The Court finds that further detail in the content of the notice is not required in order to comply with Rule 5 of the Civil Rules of the United States District Courts for the Southern and Eastern Districts of New York. The parties to the settling actions have an interest in receiving notice of the total sum of the requested attorneys’ fees, but it is not material under the circumstances of these cases to describe further how the fee will be allocated among the participating lawyers.

All of the foregoing is without prejudice to the findings the Court will make after conducting the fairness hearing, at which time all objections or arguments in opposition to the proposed settlements will be heard and considered and proponents must discharge their burden to prove that the proposed settlement agreements are fair and reasonable.

So Ordered.

. See Manual for Complex Litigation, § 1.46 at 60 (5th ed. 1982) ("There is some doubt that this practice is authorized by Rule 23 as amended, even if one concedes that the courts are expected to develop new methods of employing the amended Rule 23").

. See e.g., Weinberger v. Kendrick, 698 F.2d 61 (2d Cir.1982), cert. denied, — U.S. -, 104 S.Ct. 77, 78 L.Ed.2d 89 (1984); Plummer v. Chemical Bank, 668 F.2d 654 (2d Cir.1982); In re Beef Industry Antitrust Litigation, 607 F.2d 167 (5th Cir.1979), cert. denied, 425 U.S. 905, 101 S.Ct. 3029, 69 L.Ed.2d 405 (1981); Girsh v. Jepson, 521 F.2d 153 (3rd Cir.1975); Grunin v. International House of Pancakes, 513 F.2d 114 (8th Cir.), cert. denied, 423 U.S. 864, 96 S.Ct. 124, 46 L.Ed.2d 93 (1975); City of Detroit v. Grinnell, 495 F.2d 448 (2d Cir.1974); Brucker v. Thyssen-Bronemisza Europe N. V., 424 F.Supp. 679 (S.D. N.Y.1976), aff’d, 559 F.2d 1202 (2d Cir.1977); Voege v. Ackerman, 67 F.R.D. 432 (S.D.N.Y. 1975); West Virginia v. Chas. Pfizer & Co., 314 F.Supp. 710 (S.D.N.Y.1970), aff’d, 440 F.2d 1079 (2d Cir.), cert. denied, 404 U.S. 871, 92 S.Ct. 81, 30 L.Ed.2d 115 (1971); see also, In re Armored Car Antitrust Litigation, 472 F.Supp. 1357, 1364, n. 5 (N.D.Ga.1979) ("The Manual’s recommendation has, it appears, been more honored by breach than by compliance”), modified and remanded on other grounds, 645 F.2d 488 (5th Cir.1981).
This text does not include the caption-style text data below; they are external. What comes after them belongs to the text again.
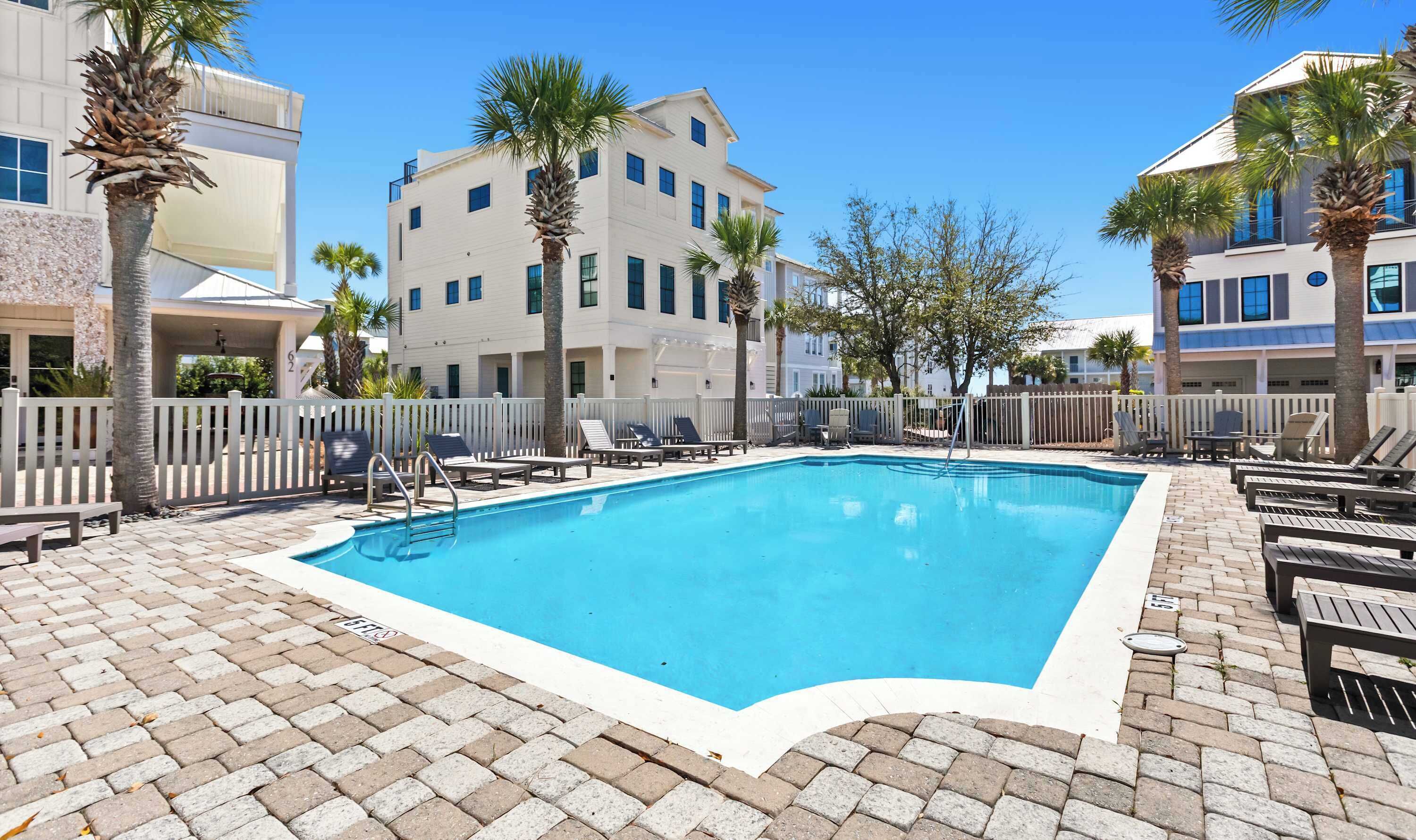 A rectangular swimming pool with a white border, surrounded by lounge chairs and palm trees.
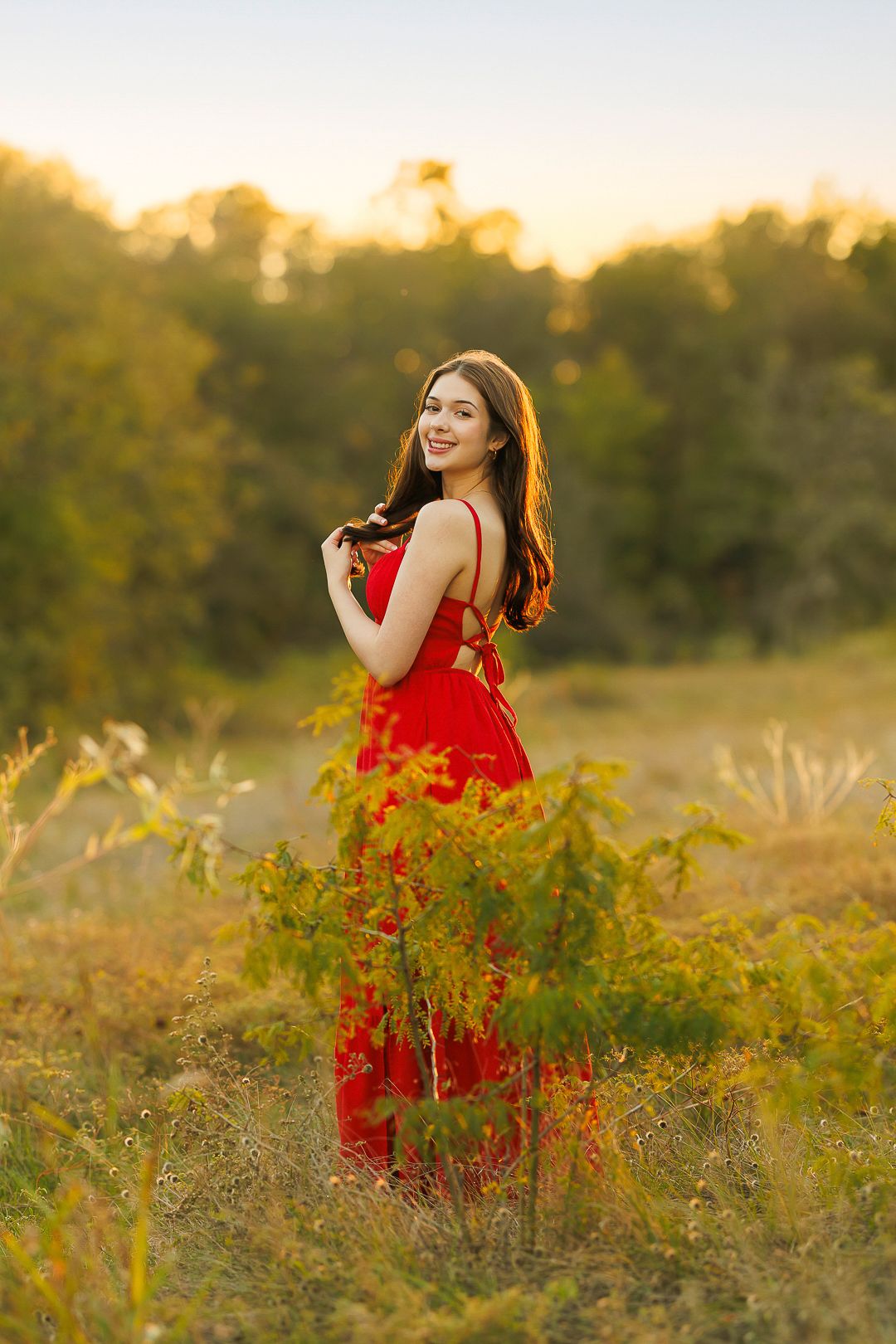 Sunset portrait session in a wildflower field wearing vibrant red.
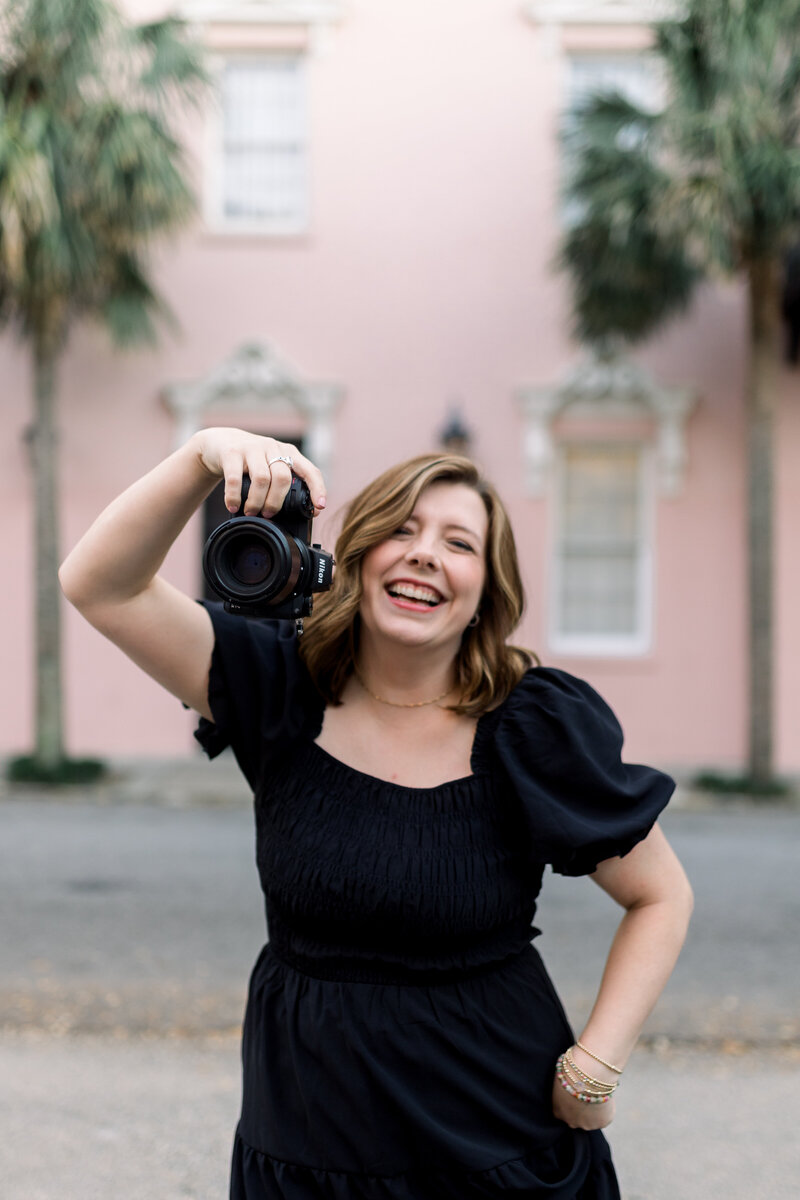 margaert hicks holding a camera in front of the mills house hotel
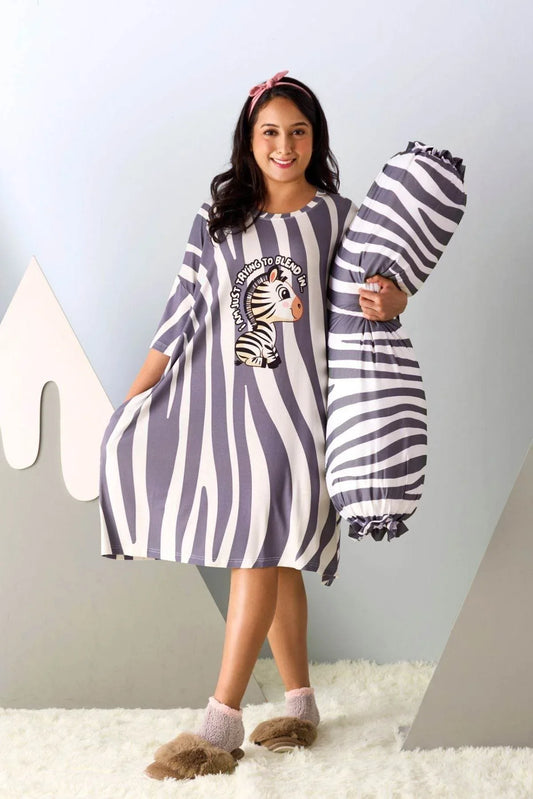 Woman wearing a zebra-themed sleep tee by MySleepTee and holding a matching bolster cover against a light gray background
. Plaintiffs steering committee has informed the Court that its investigation had demonstrated many SPDA holders are at or near retirement age. Accordingly, a proposed settlement that offers an early resolution to this contest may be of greater benefit.
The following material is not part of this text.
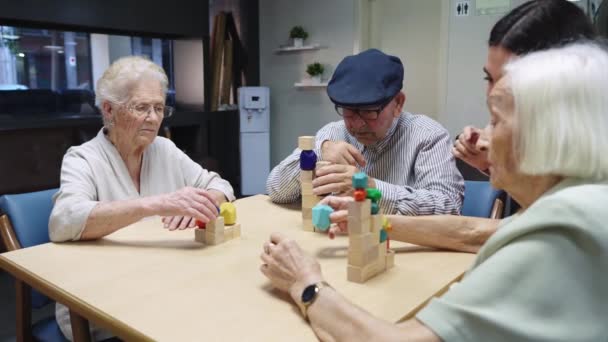 看護師や高齢者が看護施設で一緒にパズルスキルゲームを解決する様子 — ストック動画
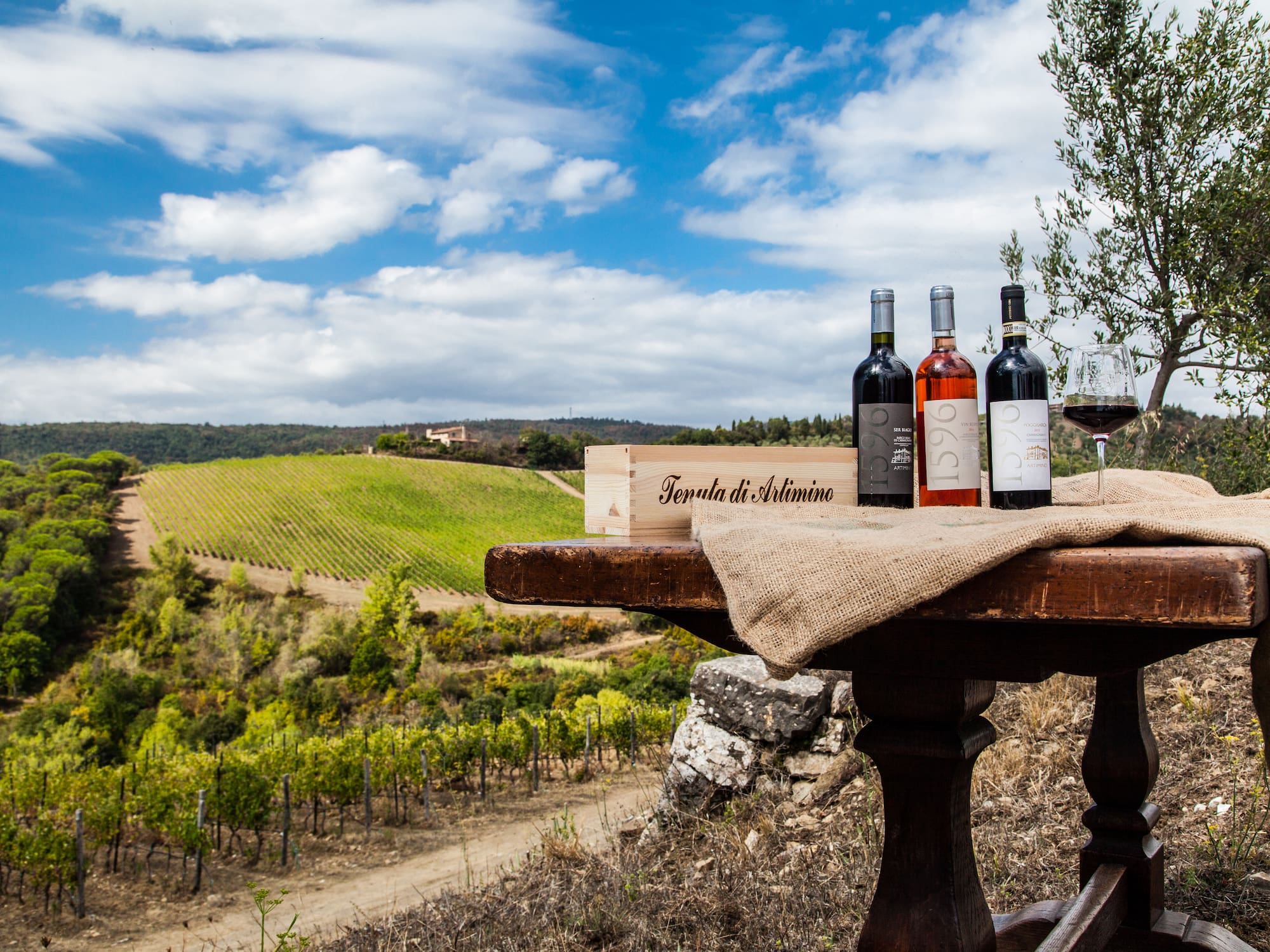 Artimino wine bottles, glass, crate on table with scenic Tuscan vineyard.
. Of passing interest in any discussion of the need for discovery is the fact that the settlement negotiations have been conducted concurrently with the development of rehabilitation plans by court appointed rehabilitators in Indiana and Arkansas. The Indiana and Arkansas courts held public hearings in January, 1984. They approved rehabilitation plans by orders entered on March 23, 1984 and April 2, 1984 in Arkansas and by an order entered on May 23, 1984 in Indiana. All SPDA holders received information concerning the rehabilitation plans and the various options available under them in June, 1984.